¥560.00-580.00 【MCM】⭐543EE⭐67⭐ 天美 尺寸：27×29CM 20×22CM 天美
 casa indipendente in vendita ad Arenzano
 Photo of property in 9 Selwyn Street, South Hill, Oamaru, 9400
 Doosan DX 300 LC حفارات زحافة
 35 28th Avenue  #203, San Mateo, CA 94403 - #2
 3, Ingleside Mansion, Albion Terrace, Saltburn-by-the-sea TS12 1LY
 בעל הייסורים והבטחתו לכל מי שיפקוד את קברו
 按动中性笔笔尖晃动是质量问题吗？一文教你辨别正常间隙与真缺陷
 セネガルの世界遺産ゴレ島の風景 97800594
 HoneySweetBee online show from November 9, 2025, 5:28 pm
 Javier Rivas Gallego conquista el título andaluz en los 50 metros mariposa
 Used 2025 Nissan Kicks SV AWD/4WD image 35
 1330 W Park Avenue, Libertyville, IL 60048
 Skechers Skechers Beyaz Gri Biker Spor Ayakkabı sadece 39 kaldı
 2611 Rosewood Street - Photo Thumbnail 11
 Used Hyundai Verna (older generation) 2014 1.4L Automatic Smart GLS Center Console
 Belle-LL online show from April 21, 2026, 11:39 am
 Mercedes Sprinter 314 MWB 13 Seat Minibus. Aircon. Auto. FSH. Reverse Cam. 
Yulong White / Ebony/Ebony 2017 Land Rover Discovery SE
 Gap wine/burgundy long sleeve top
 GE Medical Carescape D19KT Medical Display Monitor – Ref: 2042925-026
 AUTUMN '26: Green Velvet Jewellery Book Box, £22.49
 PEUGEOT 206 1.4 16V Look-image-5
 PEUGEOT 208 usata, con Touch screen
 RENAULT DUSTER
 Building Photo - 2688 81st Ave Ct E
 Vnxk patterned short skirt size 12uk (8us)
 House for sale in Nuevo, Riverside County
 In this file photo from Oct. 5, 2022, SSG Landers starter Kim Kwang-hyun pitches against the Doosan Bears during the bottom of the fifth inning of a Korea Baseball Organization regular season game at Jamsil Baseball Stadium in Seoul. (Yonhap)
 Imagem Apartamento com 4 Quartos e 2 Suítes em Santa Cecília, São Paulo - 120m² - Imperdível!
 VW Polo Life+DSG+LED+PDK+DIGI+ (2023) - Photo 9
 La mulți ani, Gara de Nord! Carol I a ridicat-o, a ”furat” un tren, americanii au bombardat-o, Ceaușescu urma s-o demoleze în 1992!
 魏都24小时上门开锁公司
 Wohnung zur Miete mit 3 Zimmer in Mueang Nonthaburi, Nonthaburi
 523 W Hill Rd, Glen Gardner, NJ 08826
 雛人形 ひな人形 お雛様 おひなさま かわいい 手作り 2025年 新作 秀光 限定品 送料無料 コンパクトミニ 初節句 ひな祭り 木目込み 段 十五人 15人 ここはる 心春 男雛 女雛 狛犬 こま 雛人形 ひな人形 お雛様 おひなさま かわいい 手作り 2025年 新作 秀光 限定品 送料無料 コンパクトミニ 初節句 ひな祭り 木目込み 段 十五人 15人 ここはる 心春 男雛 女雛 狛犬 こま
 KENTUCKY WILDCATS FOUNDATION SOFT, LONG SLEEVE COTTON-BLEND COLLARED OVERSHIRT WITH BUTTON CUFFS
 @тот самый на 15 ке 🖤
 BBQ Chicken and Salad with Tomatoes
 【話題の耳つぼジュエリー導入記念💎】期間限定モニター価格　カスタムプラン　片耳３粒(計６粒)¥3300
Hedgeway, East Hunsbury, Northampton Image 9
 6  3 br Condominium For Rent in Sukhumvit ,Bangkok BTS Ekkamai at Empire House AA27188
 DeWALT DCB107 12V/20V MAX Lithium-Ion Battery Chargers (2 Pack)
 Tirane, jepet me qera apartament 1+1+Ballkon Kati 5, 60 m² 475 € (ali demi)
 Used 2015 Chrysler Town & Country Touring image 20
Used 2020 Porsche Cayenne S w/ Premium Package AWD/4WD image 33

------------------------

YOUR OBJECTIVE
Each line of the data should be reproduced exactly as it appears.

SOLUTION FOR THIS TASK
¥560.00-580.00 【MCM】⭐543EE⭐67⭐ 天美 尺寸：27×29CM 20×22CM 天美
 casa indipendente in vendita ad Arenzano
 Photo of property in 9 Selwyn Street, South Hill, Oamaru, 9400
 Doosan DX 300 LC حفارات زحافة
 35 28th Avenue  #203, San Mateo, CA 94403 - #2
 3, Ingleside Mansion, Albion Terrace, Saltburn-by-the-sea TS12 1LY
 בעל הייסורים והבטחתו לכל מי שיפקוד את קברו
 按动中性笔笔尖晃动是质量问题吗？一文教你辨别正常间隙与真缺陷
 セネガルの世界遺産ゴレ島の風景 97800594
 HoneySweetBee online show from November 9, 2025, 5:28 pm
 Javier Rivas Gallego conquista el título andaluz en los 50 metros mariposa
 Used 2025 Nissan Kicks SV AWD/4WD image 35
 1330 W Park Avenue, Libertyville, IL 60048
 Skechers Skechers Beyaz Gri Biker Spor Ayakkabı sadece 39 kaldı
 2611 Rosewood Street - Photo Thumbnail 11
 Used Hyundai Verna (older generation) 2014 1.4L Automatic Smart GLS Center Console
 Belle-LL online show from April 21, 2026, 11:39 am
 Mercedes Sprinter 314 MWB 13 Seat Minibus. Aircon. Auto. FSH. Reverse Cam. 
Yulong White / Ebony/Ebony 2017 Land Rover Discovery SE
 Gap wine/burgundy long sleeve top
 GE Medical Carescape D19KT Medical Display Monitor – Ref: 2042925-026
 AUTUMN '26: Green Velvet Jewellery Book Box, £22.49
 PEUGEOT 206 1.4 16V Look-image-5
 PEUGEOT 208 usata, con Touch screen
 RENAULT DUSTER
 Building Photo - 2688 81st Ave Ct E
 Vnxk patterned short skirt size 12uk (8us)
 House for sale in Nuevo, Riverside County
 In this file photo from Oct. 5, 2022, SSG Landers starter Kim Kwang-hyun pitches against the Doosan Bears during the bottom of the fifth inning of a Korea Baseball Organization regular season game at Jamsil Baseball Stadium in Seoul. (Yonhap)
 Imagem Apartamento com 4 Quartos e 2 Suítes em Santa Cecília, São Paulo - 120m² - Imperdível!
 VW Polo Life+DSG+LED+PDK+DIGI+ (2023) - Photo 9
 La mulți ani, Gara de Nord! Carol I a ridicat-o, a ”furat” un tren, americanii au bombardat-o, Ceaușescu urma s-o demoleze în 1992!
 魏都24小时上门开锁公司
 Wohnung zur Miete mit 3 Zimmer in Mueang Nonthaburi, Nonthaburi
 523 W Hill Rd, Glen Gardner, NJ 08826
 雛人形 ひな人形 お雛様 おひなさま かわいい 手作り 2025年 新作 秀光 限定品 送料無料 コンパクトミニ 初節句 ひな祭り 木目込み 段 十五人 15人 ここはる 心春 男雛 女雛 狛犬 こま 雛人形 ひな人形 お雛様 おひなさま かわいい 手作り 2025年 新作 秀光 限定品 送料無料 コンパクトミニ 初節句 ひな祭り 木目込み 段 十五人 15人 ここはる 心春 男雛 女雛 狛犬 こま
 KENTUCKY WILDCATS FOUNDATION SOFT, LONG SLEEVE COTTON-BLEND COLLARED OVERSHIRT WITH BUTTON CUFFS
 @тот самый на 15 ке 🖤
 BBQ Chicken and Salad with Tomatoes
 【話題の耳つぼジュエリー導入記念💎】期間限定モニター価格　カスタムプラン　片耳３粒(計６粒)¥3300
Hedgeway, East Hunsbury, Northampton Image 9
 6  3 br Condominium For Rent in Sukhumvit ,Bangkok BTS Ekkamai at Empire House AA27188
 DeWALT DCB107 12V/20V MAX Lithium-Ion Battery Chargers (2 Pack)
 Tirane, jepet me qera apartament 1+1+Ballkon Kati 5, 60 m² 475 € (ali demi)
 Used 2015 Chrysler Town & Country Touring image 20
Used 2020 Porsche Cayenne S w/ Premium Package AWD/4WD image 33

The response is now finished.